Nexus 4 Cache Performance

It’s not all about the CPU

In Sisoftware’s benchmark comparison of the Samsung Galaxy S3(Cortex-A9), Galaxy S4 3G (Snapdragon) and Galaxy S4 LTE(Exynos 5 Octa) they remark that compared to the Cortex-A9 on their AES-256 Encrypt/Decrypt benchmark test:

Krait is only 13% faster here, based on the increased memory bandwidth and clock increase we expected more. Its small L0/L1 caches may be to blame.

They highlight a possible problem, and one of the more difficult parts of performance optimization. So we thought we would take a closer look to see what is going on.

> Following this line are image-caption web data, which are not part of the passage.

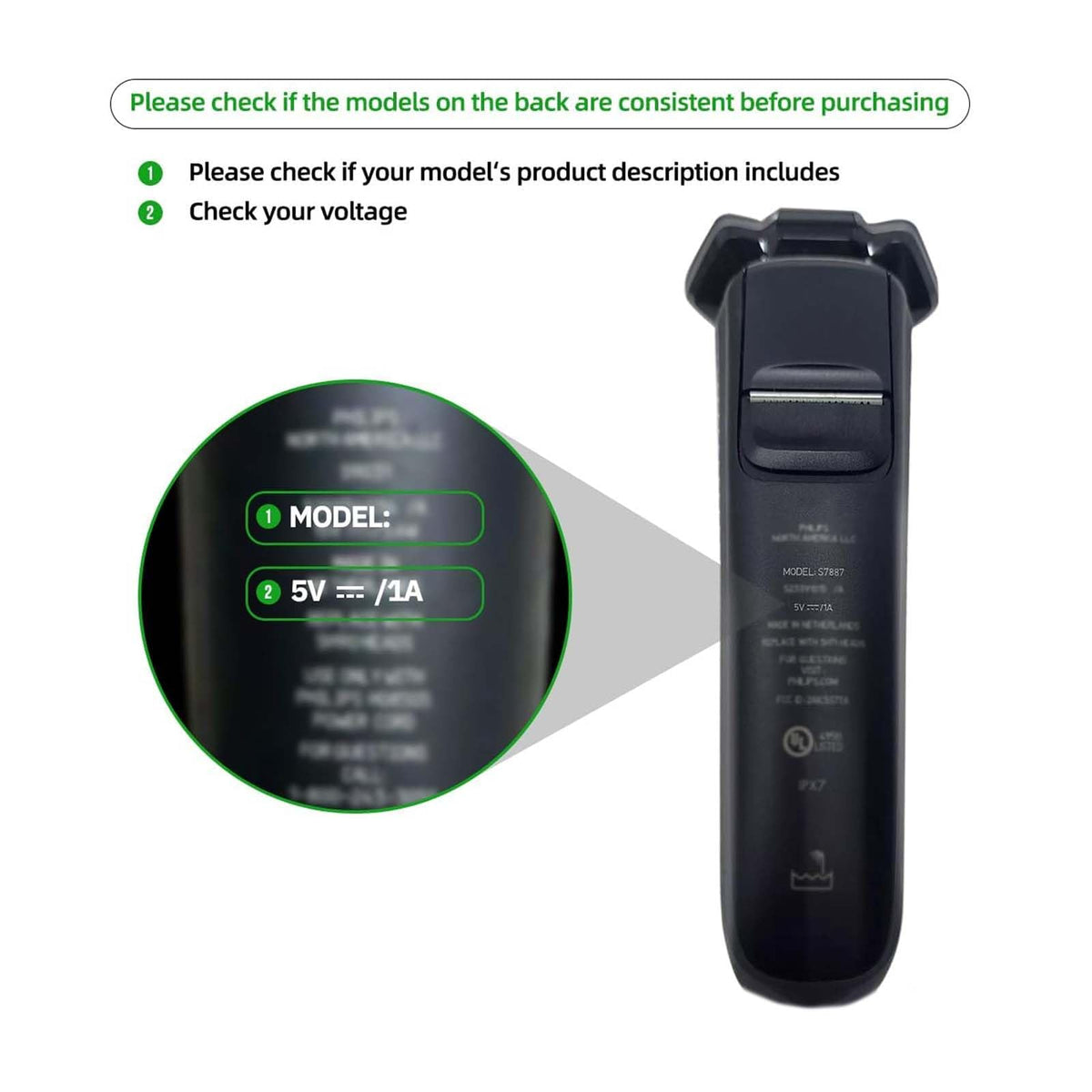BCWJ NETS powering a QP2724 shaver to illustrate reliable in-use charging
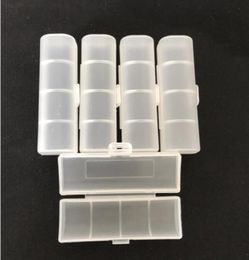 Single pack 18650 Battery Case Plastic Transparent Hard White Battery Case Holder Storage Box Container 18500 18350 Battery Holder7938596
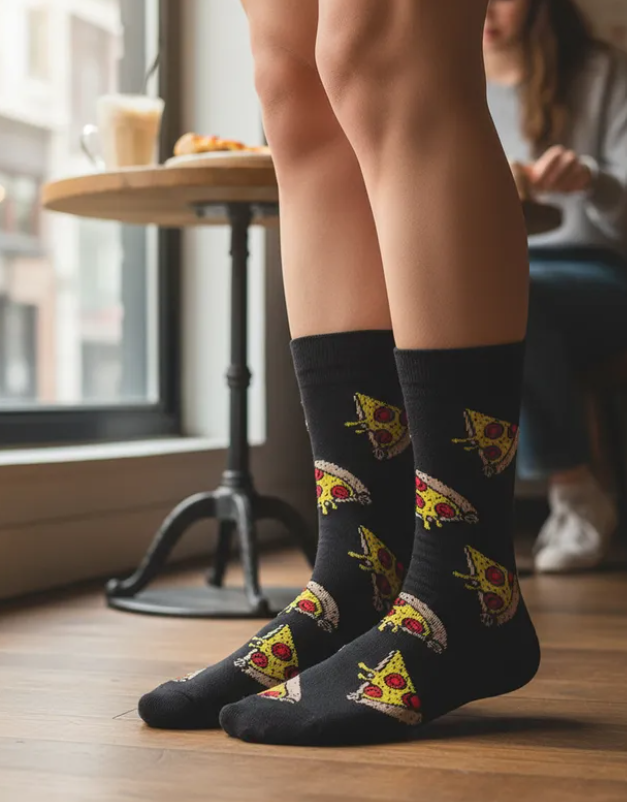 Calcetines Divertidos "Pizzas"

The processor speed is only one part of the puzzle when trying to make code run fast. If you have slow memory accesses then you can’t feed the processor fast enough to make full use of all clock cycles. This is true of applications which process large amounts of data or access data inefficiently. It can also be true of the instructions that make up the program. Those also need to be retrieved from memory just like data, and if you have a very complicated algorithm, or if your program jumps around between lots of functions, you may slow things down more than you might imagine. The fastest caches live very close to the registers on the chip and there are separate data and instruction caches for each processor. The larger, slower L2 cache is shared between data and instructions and across all CPUs in a multicore system. The Krait used on the Nexus 4 has a 4k/4k super fast L0, a 16K/16K L1, and a 2MB L2. This contrasts with a 32K/32K L1 and 1MB L2 on the Cortex-A9. Another difference between the Krait and the A9 is the length of the cache lines they use. The A9 has 32 byte lines, the Krait has 64 byte. This means that the Krait pulls in twice as much data whenever it adds something to the cache. This is good if you are accessing lots of data all in a row. But if you only use a small portion of the cache line, then you are wasting space in the cache with data you don’t use.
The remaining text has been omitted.